→ **WORK ORDER**: Return a copy of every line in the records that includes the word "outdoor".

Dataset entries
----------------------------------------

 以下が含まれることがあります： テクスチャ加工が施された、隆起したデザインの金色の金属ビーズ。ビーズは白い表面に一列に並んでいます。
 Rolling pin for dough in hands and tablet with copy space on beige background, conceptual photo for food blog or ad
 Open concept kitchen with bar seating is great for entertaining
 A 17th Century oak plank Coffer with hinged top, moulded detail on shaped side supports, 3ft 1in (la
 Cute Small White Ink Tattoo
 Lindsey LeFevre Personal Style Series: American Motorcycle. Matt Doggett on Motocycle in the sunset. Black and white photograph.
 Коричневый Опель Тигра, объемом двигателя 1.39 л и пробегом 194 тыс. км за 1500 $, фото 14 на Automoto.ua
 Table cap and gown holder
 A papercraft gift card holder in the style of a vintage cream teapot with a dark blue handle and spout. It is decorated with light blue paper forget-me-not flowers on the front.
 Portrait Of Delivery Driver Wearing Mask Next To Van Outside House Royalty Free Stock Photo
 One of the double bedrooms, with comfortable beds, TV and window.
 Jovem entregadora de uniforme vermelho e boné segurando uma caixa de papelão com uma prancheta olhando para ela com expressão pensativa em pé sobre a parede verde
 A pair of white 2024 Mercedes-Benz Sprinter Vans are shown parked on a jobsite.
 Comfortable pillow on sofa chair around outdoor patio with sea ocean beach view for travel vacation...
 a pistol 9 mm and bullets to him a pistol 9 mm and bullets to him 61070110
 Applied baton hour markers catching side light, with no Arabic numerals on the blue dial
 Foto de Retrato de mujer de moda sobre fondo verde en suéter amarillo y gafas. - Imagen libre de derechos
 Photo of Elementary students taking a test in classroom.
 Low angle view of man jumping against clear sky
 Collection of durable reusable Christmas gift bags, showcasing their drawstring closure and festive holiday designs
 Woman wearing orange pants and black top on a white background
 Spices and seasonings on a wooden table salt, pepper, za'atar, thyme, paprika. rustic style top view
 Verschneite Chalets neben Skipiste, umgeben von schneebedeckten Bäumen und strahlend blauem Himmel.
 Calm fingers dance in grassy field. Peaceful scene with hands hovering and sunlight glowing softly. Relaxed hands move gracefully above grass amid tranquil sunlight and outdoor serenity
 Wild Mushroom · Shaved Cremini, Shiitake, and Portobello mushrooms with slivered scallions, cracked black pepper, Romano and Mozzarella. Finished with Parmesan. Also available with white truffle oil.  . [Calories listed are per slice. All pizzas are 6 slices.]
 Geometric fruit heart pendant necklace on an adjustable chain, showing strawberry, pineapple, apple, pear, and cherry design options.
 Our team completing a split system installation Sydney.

----------------------------------------

→ **ANSWER SECTION**:
 Comfortable pillow on sofa chair around outdoor patio with sea ocean beach view for travel vacation...
 Calm fingers dance in grassy field. Peaceful scene with hands hovering and sunlight glowing softly. Relaxed hands move gracefully above grass amid tranquil sunlight and outdoor serenity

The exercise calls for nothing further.